Russian Fires Killed 12,000, Report Says

Fires have killed almost 12,000 people in Russia so far this year, according to fire department statistics, bringing the number of deaths to at least 10 times more per capita than in the Western Europe and up 20 percent from last year.


Vladimir Zotimov, head of the statistics department at the Federal Fire Department, said on Friday that 11,639 people had died in the first 10 months of the year, compared to 9,730 in the whole of 1993.


Taken as a percentage per capita, that rate is 30 times higher than in the Netherlands, 10 times higher than in Germany and eight times higher than in Great Britain, according to statistics officials in the West.


Moscow, with 442 fire deaths up to Wednesday, stayed just below the national average, but that is still 60 deaths more than last year, according to Sergei Kochetov, spokesman for the city's fire department. In total, firefighters responded to 22,187 fires in the city this year.


Drunken people cause about 45 percent of all fires in Russia, often passing out while smoking, Zotimov said.


"People are getting drunk all the time," he said. "And people are drinking more."

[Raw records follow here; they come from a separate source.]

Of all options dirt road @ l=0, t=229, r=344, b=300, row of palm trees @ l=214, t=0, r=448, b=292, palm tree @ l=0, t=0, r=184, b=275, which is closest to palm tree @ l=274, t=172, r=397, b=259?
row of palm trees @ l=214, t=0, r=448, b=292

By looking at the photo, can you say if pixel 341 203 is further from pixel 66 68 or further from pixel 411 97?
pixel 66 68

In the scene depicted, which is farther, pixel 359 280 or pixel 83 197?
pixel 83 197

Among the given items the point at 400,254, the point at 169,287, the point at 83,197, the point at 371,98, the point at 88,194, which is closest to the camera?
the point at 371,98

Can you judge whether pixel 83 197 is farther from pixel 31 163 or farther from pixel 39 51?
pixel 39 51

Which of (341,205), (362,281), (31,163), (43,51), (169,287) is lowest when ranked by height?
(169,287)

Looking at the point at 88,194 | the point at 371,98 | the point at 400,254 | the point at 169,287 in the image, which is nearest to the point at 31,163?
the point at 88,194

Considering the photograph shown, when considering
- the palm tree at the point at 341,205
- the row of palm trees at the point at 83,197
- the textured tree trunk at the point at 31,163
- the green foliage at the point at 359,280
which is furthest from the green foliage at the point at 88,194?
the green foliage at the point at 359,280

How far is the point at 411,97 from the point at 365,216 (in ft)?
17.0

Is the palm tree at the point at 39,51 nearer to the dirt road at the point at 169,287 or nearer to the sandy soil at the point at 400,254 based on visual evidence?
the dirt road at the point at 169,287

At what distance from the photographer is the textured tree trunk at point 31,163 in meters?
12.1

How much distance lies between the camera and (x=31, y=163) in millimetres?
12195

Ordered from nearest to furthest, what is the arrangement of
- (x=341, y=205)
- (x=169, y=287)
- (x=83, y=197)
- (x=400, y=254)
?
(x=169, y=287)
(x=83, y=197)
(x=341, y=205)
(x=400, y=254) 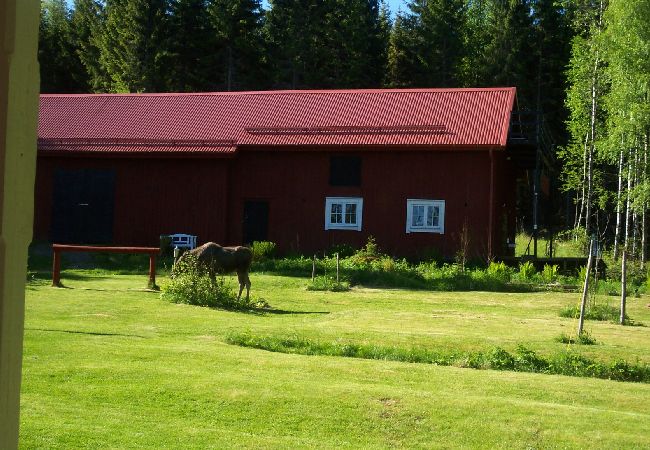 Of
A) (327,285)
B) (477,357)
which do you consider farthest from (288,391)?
(327,285)

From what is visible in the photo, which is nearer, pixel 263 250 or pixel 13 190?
pixel 13 190

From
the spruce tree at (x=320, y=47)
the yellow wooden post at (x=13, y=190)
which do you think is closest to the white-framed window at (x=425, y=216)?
the spruce tree at (x=320, y=47)

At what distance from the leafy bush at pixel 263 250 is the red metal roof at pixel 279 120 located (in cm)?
407

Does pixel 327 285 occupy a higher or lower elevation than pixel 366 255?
lower

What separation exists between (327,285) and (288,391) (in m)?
13.7

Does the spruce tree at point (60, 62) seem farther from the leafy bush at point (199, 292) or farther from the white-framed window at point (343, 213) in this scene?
the leafy bush at point (199, 292)

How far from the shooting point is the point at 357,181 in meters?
30.9

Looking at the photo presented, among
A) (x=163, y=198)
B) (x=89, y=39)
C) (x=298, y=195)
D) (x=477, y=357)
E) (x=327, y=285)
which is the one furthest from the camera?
(x=89, y=39)

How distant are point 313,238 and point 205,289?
14.1 meters

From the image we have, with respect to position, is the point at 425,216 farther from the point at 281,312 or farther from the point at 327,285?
the point at 281,312

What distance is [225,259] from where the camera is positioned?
1820 cm

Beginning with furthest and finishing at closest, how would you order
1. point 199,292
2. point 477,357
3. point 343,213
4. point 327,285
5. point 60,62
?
point 60,62, point 343,213, point 327,285, point 199,292, point 477,357

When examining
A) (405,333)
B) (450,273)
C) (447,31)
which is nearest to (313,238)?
(450,273)

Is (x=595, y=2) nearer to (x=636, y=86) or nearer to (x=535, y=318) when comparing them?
(x=636, y=86) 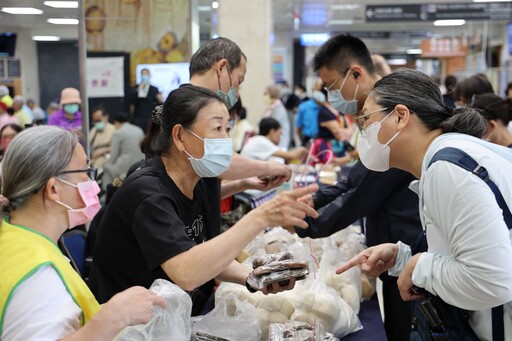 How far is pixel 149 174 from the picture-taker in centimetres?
217

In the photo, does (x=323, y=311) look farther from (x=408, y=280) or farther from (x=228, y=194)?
(x=228, y=194)

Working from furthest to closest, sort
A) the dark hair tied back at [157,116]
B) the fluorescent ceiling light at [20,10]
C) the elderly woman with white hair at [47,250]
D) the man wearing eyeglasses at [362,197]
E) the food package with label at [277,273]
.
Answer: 1. the fluorescent ceiling light at [20,10]
2. the man wearing eyeglasses at [362,197]
3. the dark hair tied back at [157,116]
4. the food package with label at [277,273]
5. the elderly woman with white hair at [47,250]

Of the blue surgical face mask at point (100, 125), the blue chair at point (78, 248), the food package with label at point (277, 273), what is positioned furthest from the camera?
the blue surgical face mask at point (100, 125)

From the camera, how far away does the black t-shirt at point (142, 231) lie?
1993mm

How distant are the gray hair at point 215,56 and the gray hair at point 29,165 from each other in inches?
63.7

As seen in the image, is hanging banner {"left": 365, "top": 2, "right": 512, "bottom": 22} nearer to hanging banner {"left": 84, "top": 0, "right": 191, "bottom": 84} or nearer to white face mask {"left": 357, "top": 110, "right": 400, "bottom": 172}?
hanging banner {"left": 84, "top": 0, "right": 191, "bottom": 84}

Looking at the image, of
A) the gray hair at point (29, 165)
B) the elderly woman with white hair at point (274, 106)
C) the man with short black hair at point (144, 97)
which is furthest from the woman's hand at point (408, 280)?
the elderly woman with white hair at point (274, 106)

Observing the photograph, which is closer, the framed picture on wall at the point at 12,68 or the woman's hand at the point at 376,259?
the woman's hand at the point at 376,259

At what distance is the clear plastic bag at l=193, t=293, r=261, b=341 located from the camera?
2131 mm

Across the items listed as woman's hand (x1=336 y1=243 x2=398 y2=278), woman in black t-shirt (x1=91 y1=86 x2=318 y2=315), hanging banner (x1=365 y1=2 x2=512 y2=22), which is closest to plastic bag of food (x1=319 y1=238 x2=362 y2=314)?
woman's hand (x1=336 y1=243 x2=398 y2=278)

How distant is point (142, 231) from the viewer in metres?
2.02

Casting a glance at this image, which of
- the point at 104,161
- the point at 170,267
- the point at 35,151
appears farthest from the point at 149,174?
the point at 104,161

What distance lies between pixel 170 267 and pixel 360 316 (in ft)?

In Moscow, shortcircuiting and other electronic mishaps are the second largest cause of fires, as many of the plugs and wires are worn out or date back to days when safety standards were virtually non-existent, Kochetov said.

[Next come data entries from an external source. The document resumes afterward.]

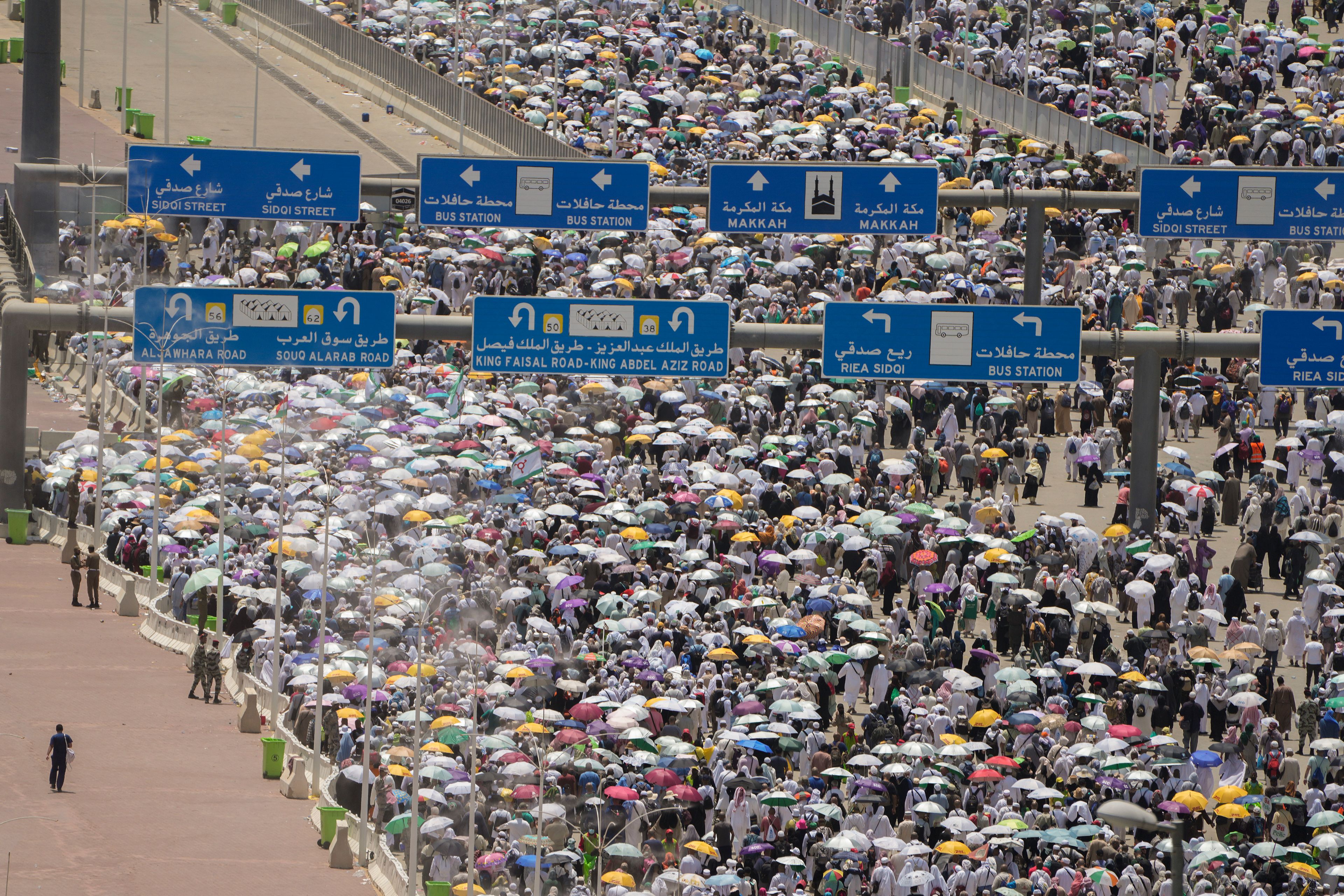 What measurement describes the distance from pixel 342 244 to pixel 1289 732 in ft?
82.8

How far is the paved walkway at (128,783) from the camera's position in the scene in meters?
28.7

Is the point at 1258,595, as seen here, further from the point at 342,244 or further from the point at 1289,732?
the point at 342,244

The only good news is that television sets, a major cause of fires in the past, no longer explode as often as before because many Russians now own imported sets, he added.


Zotimov insisted that low fire-safety standards in Russian apartments did not explain for the disparity with fire statistics in the West.


"If a person is sober, he can safely get away. A fire ladder won't help a drunk," he said.


Zotimov added, however, that Moscow is a particularly unsafe city because the rescue ladders of the city fire department cannot reach up to the top floors of its newest highrises.


But Kochetov said the city had recently imported Western fire ladders that could stretch 68 meters, as well as helicopters equipped for fire rescues. "We didn't have those things in the Communist days," Kochetov said.


Besides, apartments with 10 or more stories are equipped with staircases that are separate from the elevator shaft, he said.


Zotimov added, however, that Moscow is the only city where the majority of the firemen are conscript soldiers, rather than professionally-trained fire fighters.